◆ EXERCISE PROMPT
Go through the entries below and copy each line that holds the word "Gifts".

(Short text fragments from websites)
=== Section Start ===

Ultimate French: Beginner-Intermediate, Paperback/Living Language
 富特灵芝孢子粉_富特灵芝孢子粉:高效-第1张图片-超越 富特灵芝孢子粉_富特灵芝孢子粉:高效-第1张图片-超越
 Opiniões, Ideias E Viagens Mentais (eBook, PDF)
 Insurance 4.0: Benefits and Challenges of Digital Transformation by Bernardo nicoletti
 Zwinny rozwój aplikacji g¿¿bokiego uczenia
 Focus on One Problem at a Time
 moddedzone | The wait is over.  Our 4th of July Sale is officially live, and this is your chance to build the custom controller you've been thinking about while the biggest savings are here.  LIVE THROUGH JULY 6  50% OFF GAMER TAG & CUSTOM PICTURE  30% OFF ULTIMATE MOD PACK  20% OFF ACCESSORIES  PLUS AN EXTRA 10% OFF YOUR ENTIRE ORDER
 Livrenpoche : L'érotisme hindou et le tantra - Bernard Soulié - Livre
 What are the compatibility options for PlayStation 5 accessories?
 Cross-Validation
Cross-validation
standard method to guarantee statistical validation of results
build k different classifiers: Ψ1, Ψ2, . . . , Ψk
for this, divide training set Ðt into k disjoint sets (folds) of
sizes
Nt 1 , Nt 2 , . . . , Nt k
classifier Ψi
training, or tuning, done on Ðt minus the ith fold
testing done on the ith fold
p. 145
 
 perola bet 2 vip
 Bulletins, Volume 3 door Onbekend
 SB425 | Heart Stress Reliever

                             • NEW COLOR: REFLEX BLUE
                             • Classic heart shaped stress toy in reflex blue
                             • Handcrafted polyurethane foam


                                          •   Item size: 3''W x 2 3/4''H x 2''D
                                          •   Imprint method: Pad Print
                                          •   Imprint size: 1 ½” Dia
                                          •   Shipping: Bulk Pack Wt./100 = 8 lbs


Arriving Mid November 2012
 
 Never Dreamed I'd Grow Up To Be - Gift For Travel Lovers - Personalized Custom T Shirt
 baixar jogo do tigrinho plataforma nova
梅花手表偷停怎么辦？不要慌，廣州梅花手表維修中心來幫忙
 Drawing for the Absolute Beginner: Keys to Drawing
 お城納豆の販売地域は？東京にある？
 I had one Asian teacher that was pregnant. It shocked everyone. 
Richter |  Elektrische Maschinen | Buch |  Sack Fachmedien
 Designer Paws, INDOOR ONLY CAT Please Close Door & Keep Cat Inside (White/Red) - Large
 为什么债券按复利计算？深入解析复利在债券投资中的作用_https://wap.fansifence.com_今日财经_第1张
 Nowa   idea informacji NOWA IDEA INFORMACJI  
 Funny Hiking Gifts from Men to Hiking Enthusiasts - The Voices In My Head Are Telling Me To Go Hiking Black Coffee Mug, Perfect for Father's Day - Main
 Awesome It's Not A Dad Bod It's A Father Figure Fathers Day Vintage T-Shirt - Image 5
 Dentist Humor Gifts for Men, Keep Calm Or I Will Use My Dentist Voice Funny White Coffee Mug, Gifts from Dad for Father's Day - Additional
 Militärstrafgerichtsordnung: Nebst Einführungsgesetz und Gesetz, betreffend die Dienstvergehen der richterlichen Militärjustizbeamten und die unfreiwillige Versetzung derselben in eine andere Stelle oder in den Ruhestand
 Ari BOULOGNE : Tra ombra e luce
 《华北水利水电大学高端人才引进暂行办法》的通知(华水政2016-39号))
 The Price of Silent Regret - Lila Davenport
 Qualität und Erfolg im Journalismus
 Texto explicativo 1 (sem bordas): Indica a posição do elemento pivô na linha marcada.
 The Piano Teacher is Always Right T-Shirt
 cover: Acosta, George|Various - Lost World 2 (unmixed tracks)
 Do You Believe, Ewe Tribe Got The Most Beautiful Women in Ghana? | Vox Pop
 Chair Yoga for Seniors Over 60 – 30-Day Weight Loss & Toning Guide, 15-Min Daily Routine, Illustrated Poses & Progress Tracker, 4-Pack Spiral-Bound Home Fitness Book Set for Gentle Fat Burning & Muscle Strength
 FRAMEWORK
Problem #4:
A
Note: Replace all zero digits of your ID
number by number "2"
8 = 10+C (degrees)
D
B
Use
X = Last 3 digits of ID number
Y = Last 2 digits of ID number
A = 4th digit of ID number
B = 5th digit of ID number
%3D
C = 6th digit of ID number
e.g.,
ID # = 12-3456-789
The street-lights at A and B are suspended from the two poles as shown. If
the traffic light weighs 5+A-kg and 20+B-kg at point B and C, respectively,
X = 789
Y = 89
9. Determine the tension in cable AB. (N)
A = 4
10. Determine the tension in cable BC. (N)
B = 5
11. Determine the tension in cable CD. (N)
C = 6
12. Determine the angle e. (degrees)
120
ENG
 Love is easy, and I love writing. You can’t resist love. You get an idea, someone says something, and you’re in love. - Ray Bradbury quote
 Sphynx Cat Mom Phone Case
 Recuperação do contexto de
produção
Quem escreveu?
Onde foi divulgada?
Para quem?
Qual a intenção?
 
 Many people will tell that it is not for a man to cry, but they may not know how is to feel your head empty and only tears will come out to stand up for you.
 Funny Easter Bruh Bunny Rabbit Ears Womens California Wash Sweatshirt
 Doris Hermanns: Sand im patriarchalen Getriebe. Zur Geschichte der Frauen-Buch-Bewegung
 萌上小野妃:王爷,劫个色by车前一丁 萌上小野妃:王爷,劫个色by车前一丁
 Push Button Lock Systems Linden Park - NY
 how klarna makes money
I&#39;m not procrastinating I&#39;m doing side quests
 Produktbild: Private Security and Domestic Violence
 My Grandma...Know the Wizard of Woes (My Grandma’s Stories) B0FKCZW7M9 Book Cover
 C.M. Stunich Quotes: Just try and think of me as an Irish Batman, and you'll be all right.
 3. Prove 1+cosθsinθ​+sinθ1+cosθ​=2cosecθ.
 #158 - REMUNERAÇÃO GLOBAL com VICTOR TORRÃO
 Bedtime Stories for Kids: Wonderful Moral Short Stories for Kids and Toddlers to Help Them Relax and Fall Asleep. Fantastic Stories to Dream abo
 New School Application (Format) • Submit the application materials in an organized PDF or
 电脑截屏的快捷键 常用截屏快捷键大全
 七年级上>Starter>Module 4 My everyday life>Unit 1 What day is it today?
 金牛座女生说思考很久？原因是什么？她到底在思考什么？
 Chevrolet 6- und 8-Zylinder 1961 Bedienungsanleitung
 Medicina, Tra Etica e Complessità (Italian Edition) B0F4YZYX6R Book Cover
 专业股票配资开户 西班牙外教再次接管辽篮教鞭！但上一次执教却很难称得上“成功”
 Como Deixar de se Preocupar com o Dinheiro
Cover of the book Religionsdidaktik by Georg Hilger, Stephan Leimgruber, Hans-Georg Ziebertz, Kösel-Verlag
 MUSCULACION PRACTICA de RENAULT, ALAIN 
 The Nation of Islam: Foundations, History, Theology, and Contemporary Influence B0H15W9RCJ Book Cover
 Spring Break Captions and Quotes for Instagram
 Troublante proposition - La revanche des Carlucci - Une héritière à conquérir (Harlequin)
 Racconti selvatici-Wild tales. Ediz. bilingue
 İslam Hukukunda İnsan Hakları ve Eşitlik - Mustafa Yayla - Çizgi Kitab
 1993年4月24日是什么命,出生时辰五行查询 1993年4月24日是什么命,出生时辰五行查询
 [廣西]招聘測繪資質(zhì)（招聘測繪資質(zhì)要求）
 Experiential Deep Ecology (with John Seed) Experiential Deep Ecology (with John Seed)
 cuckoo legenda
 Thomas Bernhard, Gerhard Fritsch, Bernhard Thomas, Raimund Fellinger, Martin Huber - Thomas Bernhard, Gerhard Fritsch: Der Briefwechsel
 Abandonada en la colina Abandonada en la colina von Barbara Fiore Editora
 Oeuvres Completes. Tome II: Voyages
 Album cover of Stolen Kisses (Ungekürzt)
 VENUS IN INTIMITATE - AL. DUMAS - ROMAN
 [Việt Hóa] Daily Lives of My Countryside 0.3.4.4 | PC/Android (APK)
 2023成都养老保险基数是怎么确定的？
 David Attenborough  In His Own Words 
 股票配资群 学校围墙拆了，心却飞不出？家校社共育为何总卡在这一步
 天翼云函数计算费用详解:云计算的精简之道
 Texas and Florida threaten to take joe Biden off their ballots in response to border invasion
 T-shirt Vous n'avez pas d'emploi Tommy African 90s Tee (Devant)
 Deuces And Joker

=== Section End ===

◆ THE COMPLETED TASK
 Funny Hiking Gifts from Men to Hiking Enthusiasts - The Voices In My Head Are Telling Me To Go Hiking Black Coffee Mug, Perfect for Father's Day - Main
 Dentist Humor Gifts for Men, Keep Calm Or I Will Use My Dentist Voice Funny White Coffee Mug, Gifts from Dad for Father's Day - Additional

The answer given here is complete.